Bruce Wayne’s return to Gotham and his conscious correction of its economy, exemplified by battling Ra’s al Ghul and taking back his family’s corporation, is not a capitalist move, but an imperial move. Carmine Falcone, who would be a walking cliché of a ‘goodfella’ if he weren’t played with so much glee, even calls Bruce “the Prince of Gotham.” Bruce appoints Lucious Fox as the CEO of Wayne Enterprises. If he were assuming a position of capitalist power, he would take that position for himself. Instead, he assumes a position of noble power, of right by birth to decide the fate of his father’s company and the people in it, and of the people of Gotham City. He might intervene for the better (though even that is up for debate), but the very concept of the vigilante is that he or she decides what constitutes ‘justice’ and actively corrects situations he or she has determined to be ‘unjust.’ The film does not champion capitalism. It champions the power of an élite noble class in the guise of free-market capitalism, which is even more manipulative and frightening.

Posted by orion at 6:05 PM

February 22, 2006

Analogues vs. Clones, Pt3: The 'Thrilling' Conclusion

I put my last post on a website and got some very sharp responses from another guy who happens to be an academic and knows comics very well. He pointed out a few things that have made me reformulate somewhat.

He said two things that struck a chord with me. First, he said that the distinction between ‘clones’ and ‘analogues’ is immaterial since every copy is going to reflect on the original in some way, and I have to admit, he’s right. The difference, in theory, is pretty simple, but in practise, I have a lot of trouble even thinking of an example of a genuine clone, a character that was a mere rip-off and stayed that way. That may be because genuine clones don’t tend to stick around (why bother reading the copy if you have access to the original?), or that their stories are folded into those of the original, by some process of memory akin to how we fold all the disparate stories of one character together (the long, long history of Batman, for example, is demonstrably not one story!). I’d have to do some hard research to sort out the answer to that question, but on the face of it, the objection is very convincing. Copies always reflect the originals, somehow.

Captain Marvel, the original Superman clone, had a very different origin (magic rather than sci-fi), a different level of powers (they wanted him to be more powerful in the hope that he’d outsell Superman), and a whole different kind of secret identity (instead standing for a child who wants to be a powerful adult, Billy Batson actually is a child). Then there’s the ‘original’ Marvelman, a British knock-off of Captain Marvel who was created specifically because DC sued Fawcett Comics in ’56 for copyright infringement and won. The result was that a British magazine that had been carrying the Captain and now couldn’t, created a copy to fill in the gap. But even then, the Marvelman Family was different than Marvel Family, although clearly derivative. There was no female member of the Marvelman family, for example, and their original was, again, pseudo-scientific, having been created by the RAF, not an old wizard living in the subways.

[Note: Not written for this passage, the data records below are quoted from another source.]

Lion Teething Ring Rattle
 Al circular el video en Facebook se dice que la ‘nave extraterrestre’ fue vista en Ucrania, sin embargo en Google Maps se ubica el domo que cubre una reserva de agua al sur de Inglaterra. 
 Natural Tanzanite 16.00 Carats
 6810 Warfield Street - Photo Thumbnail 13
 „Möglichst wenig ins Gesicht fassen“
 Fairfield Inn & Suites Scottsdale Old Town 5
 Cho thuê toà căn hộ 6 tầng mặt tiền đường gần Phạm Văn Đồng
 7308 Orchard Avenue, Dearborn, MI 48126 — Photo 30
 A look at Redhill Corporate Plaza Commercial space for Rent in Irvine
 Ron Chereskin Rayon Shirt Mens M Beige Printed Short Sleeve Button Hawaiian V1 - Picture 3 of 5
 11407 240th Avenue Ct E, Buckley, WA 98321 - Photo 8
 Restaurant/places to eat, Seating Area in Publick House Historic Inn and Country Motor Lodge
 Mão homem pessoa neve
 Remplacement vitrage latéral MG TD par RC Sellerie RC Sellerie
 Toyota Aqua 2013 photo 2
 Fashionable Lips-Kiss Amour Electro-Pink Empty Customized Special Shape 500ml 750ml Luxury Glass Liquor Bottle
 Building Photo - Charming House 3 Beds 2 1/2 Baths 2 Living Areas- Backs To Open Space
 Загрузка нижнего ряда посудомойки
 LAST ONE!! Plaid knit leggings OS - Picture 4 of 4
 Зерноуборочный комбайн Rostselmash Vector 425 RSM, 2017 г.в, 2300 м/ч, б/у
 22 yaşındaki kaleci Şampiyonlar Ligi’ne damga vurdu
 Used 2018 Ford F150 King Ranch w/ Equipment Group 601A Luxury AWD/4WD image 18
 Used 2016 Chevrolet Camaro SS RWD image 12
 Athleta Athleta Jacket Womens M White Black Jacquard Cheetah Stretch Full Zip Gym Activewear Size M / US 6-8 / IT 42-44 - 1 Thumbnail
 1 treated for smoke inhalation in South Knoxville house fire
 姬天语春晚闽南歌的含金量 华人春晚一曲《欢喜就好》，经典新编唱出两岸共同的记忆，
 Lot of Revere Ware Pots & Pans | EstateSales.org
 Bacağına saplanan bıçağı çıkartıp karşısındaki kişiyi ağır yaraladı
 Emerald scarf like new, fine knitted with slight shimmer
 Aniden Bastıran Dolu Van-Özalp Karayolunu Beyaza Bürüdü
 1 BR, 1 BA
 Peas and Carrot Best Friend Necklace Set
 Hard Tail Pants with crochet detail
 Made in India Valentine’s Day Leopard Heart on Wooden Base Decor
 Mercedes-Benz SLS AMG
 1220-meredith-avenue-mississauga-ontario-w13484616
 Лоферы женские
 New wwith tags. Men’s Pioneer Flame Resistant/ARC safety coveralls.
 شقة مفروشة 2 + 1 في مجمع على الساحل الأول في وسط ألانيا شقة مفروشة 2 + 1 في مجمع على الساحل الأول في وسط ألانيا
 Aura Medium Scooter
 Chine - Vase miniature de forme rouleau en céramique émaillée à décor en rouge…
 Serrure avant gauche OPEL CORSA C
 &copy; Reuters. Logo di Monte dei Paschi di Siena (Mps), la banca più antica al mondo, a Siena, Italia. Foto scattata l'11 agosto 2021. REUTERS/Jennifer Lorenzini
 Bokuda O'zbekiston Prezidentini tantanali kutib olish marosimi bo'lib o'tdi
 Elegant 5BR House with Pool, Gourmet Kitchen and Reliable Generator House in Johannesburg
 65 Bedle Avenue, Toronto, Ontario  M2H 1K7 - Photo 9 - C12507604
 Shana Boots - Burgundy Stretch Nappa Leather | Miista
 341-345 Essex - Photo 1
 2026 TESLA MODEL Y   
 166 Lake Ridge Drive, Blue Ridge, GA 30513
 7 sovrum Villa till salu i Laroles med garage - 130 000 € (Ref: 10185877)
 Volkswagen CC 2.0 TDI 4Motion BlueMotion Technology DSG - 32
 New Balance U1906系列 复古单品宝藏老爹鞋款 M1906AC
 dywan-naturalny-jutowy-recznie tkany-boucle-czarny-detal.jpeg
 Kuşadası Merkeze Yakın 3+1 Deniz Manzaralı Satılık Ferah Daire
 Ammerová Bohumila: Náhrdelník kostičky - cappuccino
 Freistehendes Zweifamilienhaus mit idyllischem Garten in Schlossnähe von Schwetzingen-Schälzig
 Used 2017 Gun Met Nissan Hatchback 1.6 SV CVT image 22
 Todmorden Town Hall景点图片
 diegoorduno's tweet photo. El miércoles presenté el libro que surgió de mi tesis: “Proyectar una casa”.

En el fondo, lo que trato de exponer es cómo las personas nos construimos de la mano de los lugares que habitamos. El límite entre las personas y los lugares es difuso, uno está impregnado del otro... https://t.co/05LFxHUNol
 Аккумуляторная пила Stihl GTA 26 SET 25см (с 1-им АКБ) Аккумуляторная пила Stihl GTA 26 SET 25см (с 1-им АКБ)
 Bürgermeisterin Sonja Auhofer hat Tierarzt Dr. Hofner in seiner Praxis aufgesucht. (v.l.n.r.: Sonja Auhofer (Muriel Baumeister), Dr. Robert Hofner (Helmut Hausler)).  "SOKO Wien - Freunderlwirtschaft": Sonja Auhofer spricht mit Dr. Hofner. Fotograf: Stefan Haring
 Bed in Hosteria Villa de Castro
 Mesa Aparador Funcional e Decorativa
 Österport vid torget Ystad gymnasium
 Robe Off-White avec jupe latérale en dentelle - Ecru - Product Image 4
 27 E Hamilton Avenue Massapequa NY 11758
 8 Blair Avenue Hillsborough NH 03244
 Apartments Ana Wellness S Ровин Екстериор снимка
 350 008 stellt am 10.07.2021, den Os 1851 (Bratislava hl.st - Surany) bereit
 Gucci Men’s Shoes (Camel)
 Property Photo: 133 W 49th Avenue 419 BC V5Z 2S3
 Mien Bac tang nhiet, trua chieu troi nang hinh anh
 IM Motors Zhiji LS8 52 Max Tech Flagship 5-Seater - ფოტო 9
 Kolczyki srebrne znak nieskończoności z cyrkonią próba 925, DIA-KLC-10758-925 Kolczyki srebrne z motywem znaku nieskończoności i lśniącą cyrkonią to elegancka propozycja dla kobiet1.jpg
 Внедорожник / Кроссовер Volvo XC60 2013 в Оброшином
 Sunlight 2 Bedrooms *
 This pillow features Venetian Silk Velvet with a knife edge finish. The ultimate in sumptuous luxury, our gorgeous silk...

To me, though, that logic, copies always reflect originals, still carries over to all characters who have multiple creative teams. Mark Waid’s version of the JLA is distinctly different than Grant Morrison’s version, and since the former followed directly after the latter, comparison is almost inevitable. Which means, basically, that I’m still stuck on how we define ‘the original.’ Perhaps a better word would be ‘definitive.’ Not the first iteration of a character, but the most famous, the one that the greatest number of people go to in their minds when you mention Spider-man or Wonder Woman. I’ll let that thought go for now, though, because I’m not sure where to take it. It’ll come back. They always come back.

The other thing that guy on the internet said is that he doesn’t see how the distinction has any use, and I have to admit, that comment stopped me cold. I don’t know what the use is until I use it, but I still have to wonder about, as he said, what the distinction I invented indicates about my assumptions. He said that it’s a system that lends itself to dismissing ‘all those childish clones’ in favour of the ‘good stuff,’ like Ellis or Moore’s analogues. That wasn’t my intention, but he has a very good point. My intention was to create a category for rip-offs and knock-offs that allows us to look at them as valuable characters in their own rights because they provide some kind of commentary, either on the originals or on the genre from which they come. Again, though, he was able to argue that all of the examples I gave of clones could be, in my system, analogues, because there was some level of commentary in every reflection, therefore all I was really creating was a convenient way to push a lot of characters and comics further into the gutter, which I am obviously not in favour of.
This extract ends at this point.